MissEnlightenment

Bipolar Mama
2013-09-03 07:43:40 (UTC)

Running with it

AAAAAAAAAAAAAnyways
I'm always explaining myself.
Always.
It's seems to be a key component in my personality.
So today for the firat time in my entire mental health journey I am thinking about my personality.
I've had soooo many realizations through out this.
Don't get me wrong, I've had countless false realizations before and mental health is obviously something that i hold very dear, but I feel all realizations that leave you feeling more enlightened are grand as they hold truth whether right entirely or just in part.
Blah, yet again reading over my words.
Making sure they're good enough.
This reoccuring thought pattern
Relationships are the fucking worst.
I'm crazy.
I mean, not crazy by definition, but "crazy", crazy the way you describe yourself when something overrules your better judgement.
Well, that's me all the time.
Even in my clarity, only an odd moment goes by where I'm not reassesing myself in the eyes of someone else. I'm not really sure who that person is... but there's a part of my mind that's constantly telling me it's essential.
Which leads me back too BPD, could be OCD aswell, these constant reoccuring thoughts of self displayal being concentrated in different ways.

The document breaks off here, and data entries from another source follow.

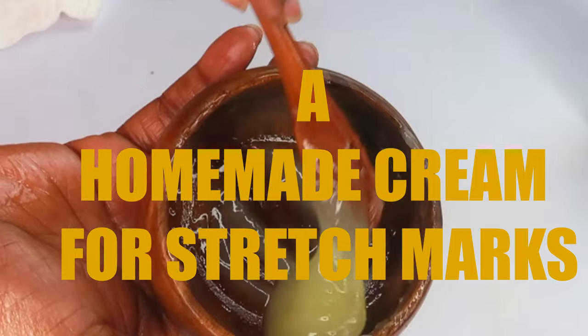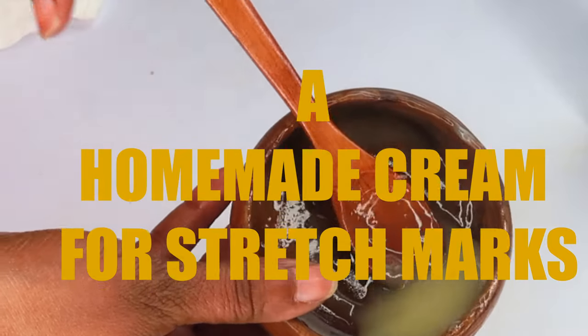And there you have it — your stretch mark cream. Thank you all for watching. Go ahead and give this one a try. Massage it on the skin at night, boost that circulation, and before you know it those stretch marks are going to be fading really quickly. Thank you all for watching and I'll see you in my next video. Bye!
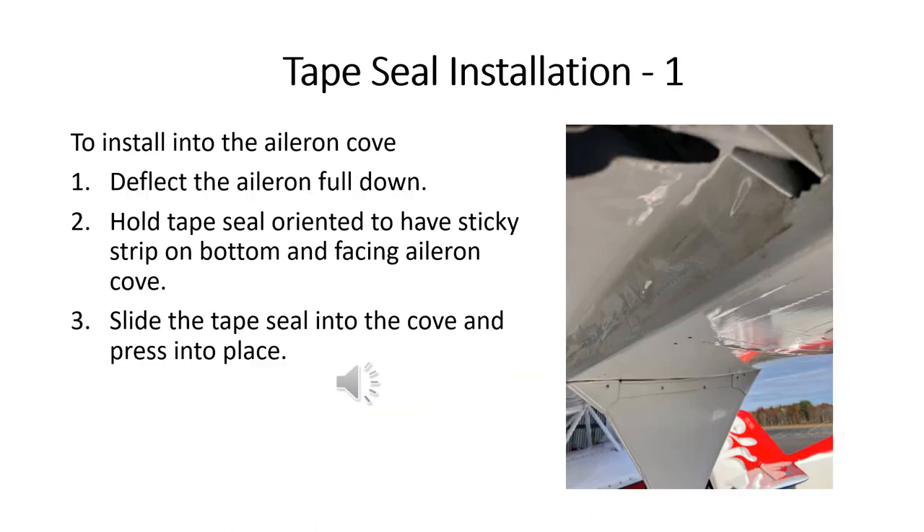To install the tape seal, we first want to deflect the aileron full down. You can either hold it down with your elbow, have a friend hold it, or hold the stick in the cockpit all the way over. Then we slide the tape seal up into the aileron cove and press the bottom of it into the aileron cove to make that stick.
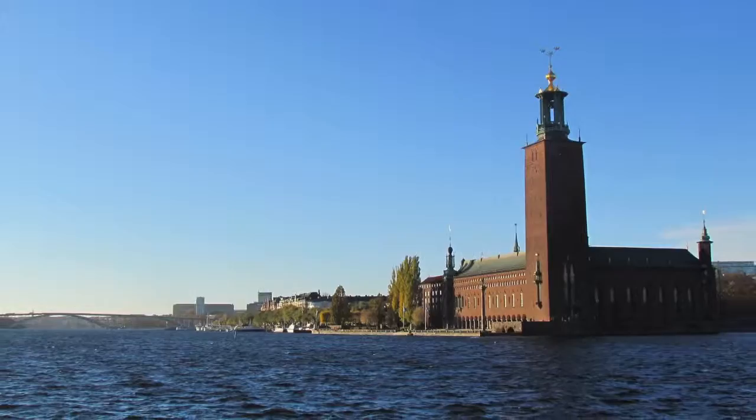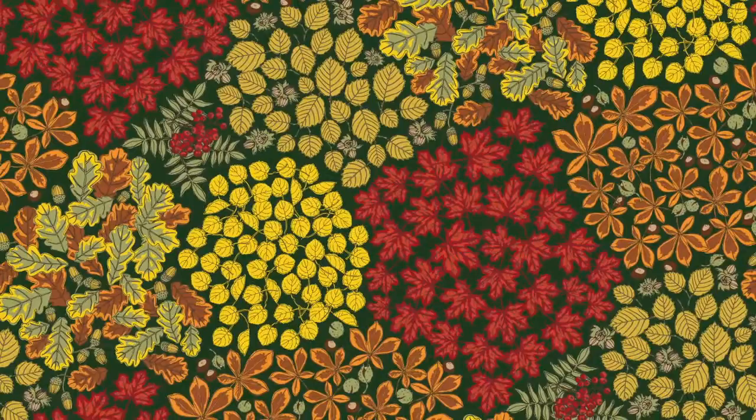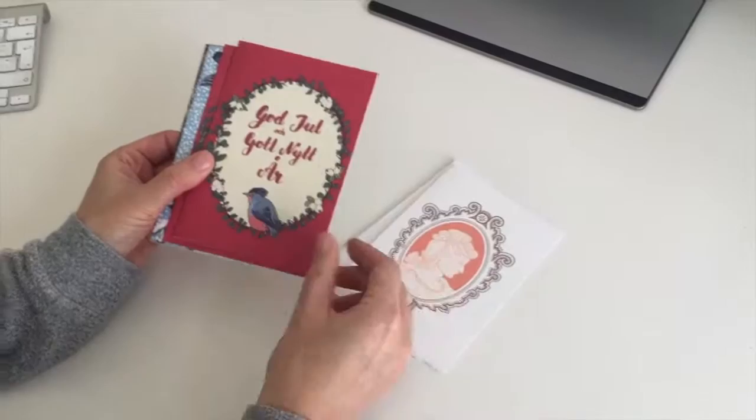Hi everyone! My name is Bärbel and I'm a pattern designer and illustrator from Stockholm, Sweden. In many of my designs I like to have a hand-drawn, detailed and artistic look — whether it's for a pattern, an art print, or perhaps a greeting card, just to mention a few ways to use your illustrations.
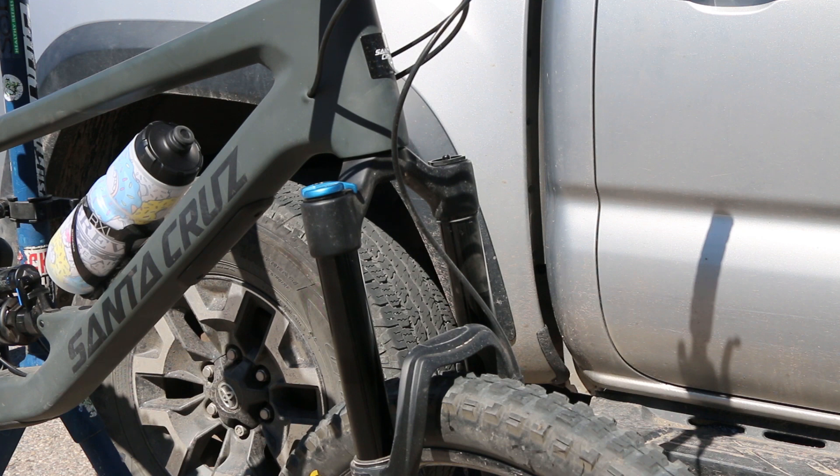All right, today we're at beautiful COP and we are going to go ahead and add some volume spacers to my Fox 36. So we're going to start with taking off the top cap.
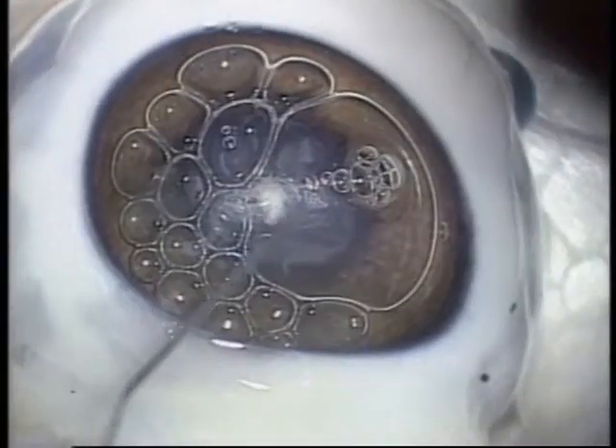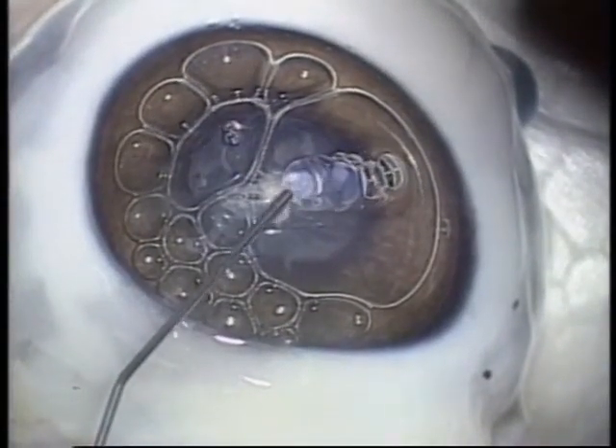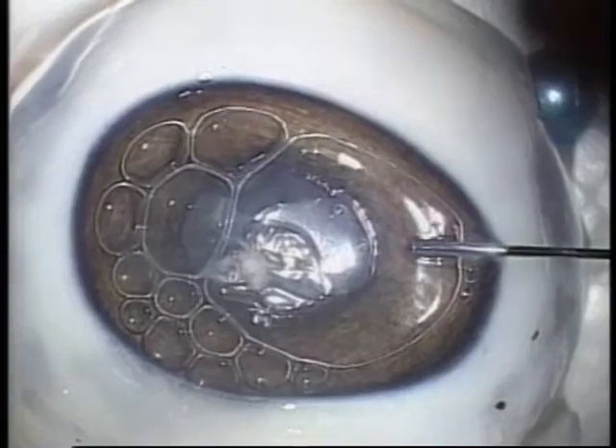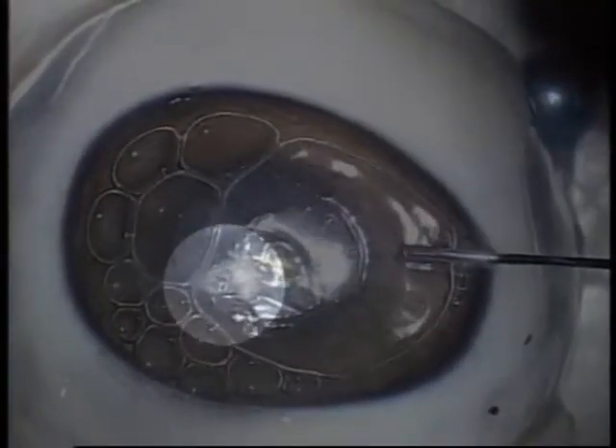Two incisions were made in the pig's cornea using an 18-gauge needle. One was coated with viscote. Subsequently, air was injected through the puncture made in the anterior chamber. I checked to see which incision air would leak from first. As shown here, air leaked from the incision that was not coated with viscote.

I suppose all diagnoses are the same but I'm sure many professionals would agree that a diagnoses is an important component in the healing procss so I cant help but ponder it.

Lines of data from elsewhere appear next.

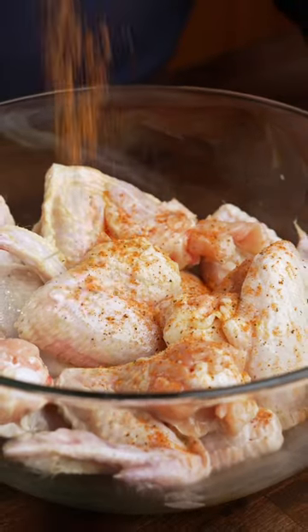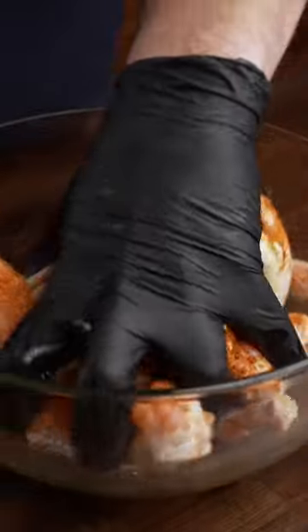Is there a better way to make chicken than smoked chicken wings? I've recently started to work on creating some of my own dry rubs, and I had to try out this sweet and smoky chipotle rub.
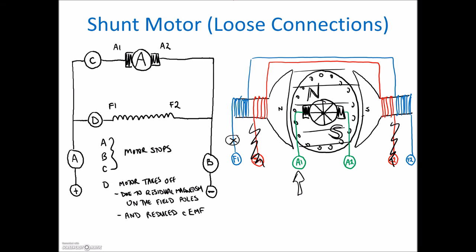We'll stop there. Next we'll take a look at the compound motor, and we'll do the same thing — look at how to reverse the compound motor and then look at loose connections on it as well. Thanks very much.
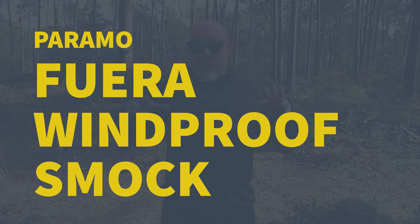What we're here today to look at is the Fuera — I hope I'm saying that right, apologies if I pronounced it wrong — but the Fuera windproof smock. I believe 'fuera' is Spanish for wind? Or possibly Portuguese — apologies if I've got that wrong; it's been a while since I did modern languages GCSE at school.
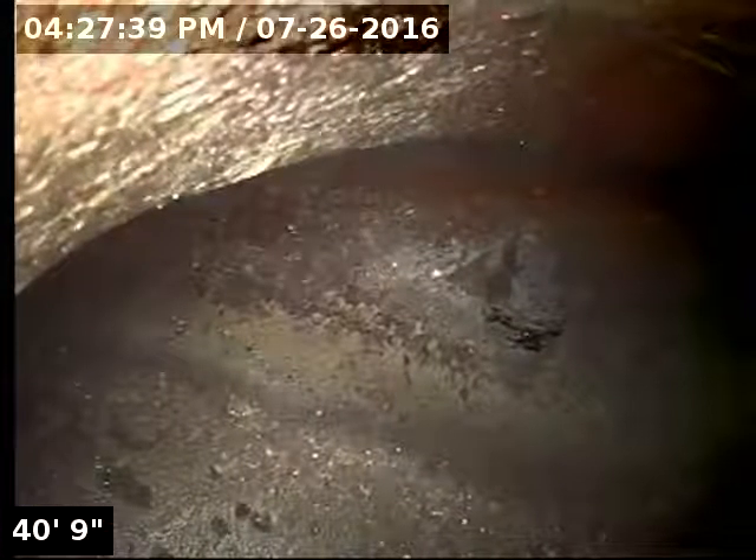This line actually looks pretty good, in pretty good serviceable condition. Here is a test Y — they use that to test the line for leaks when they build a house.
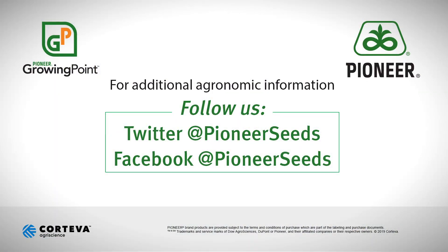For Pioneer Hybrid, this has been John McField. Thanks for watching today. That concludes this Pioneer Growing Point agronomy video podcast. Visit our page on pioneer.com and follow us on Twitter and Facebook for more agronomy insights.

I big part of me feels like I really clung to the bipolar diagnoses, although episodes in my past make it seem almost scarily possible but also still possibly just extreme conditions. Currently I feel the only way this can really be determined is by furthur behaviour.
I wonder how it'd work if I have BPD and Bipolar.

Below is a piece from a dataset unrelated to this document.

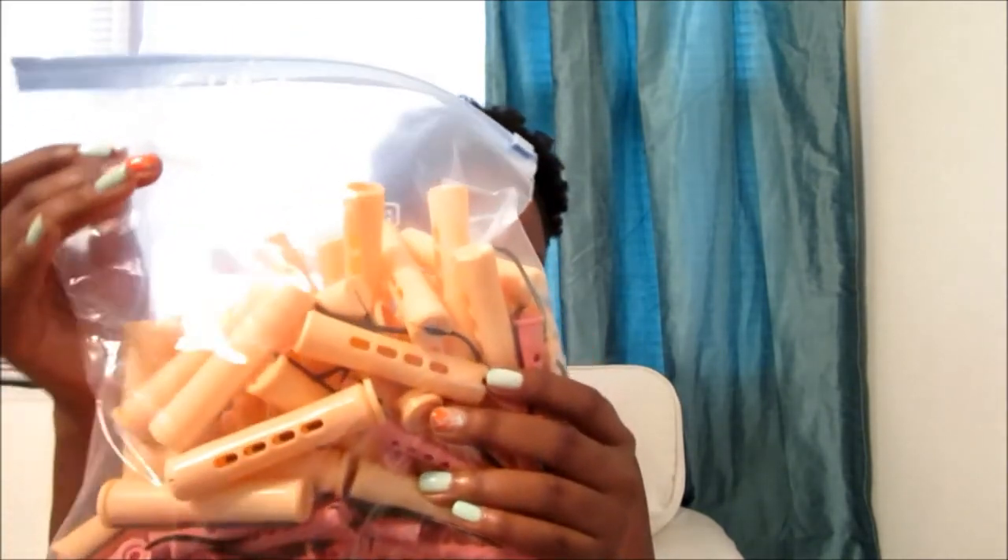So last night I used it with rollers — these medium perm rods. I rolled my whole head up and I put this on my head. I have video footage, so here it is.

In a way I feel like this would be a relief, because it may explain the rage i display almost daily (lately)
Not sure if I'm relapsing or cycling.
I'm not sure anyone could tell me.
I'm scared though. That's how I can really tell I'm not in an episode.
In the slight possibilty that I used my (litterally endless and unconrollable) manipulation tactics to get a bipolar diagnosis as i, at the time felt it was my soul calling. I seriously felt like the chosen one, is it POSSIBLE that these symptoms could occur while only experiencing BPD without the pressence of bipolar, that kind of pyschosis? because as much as in moments I like to forget, I know it is possible for me to experience intenne mixed episodes, as per experience.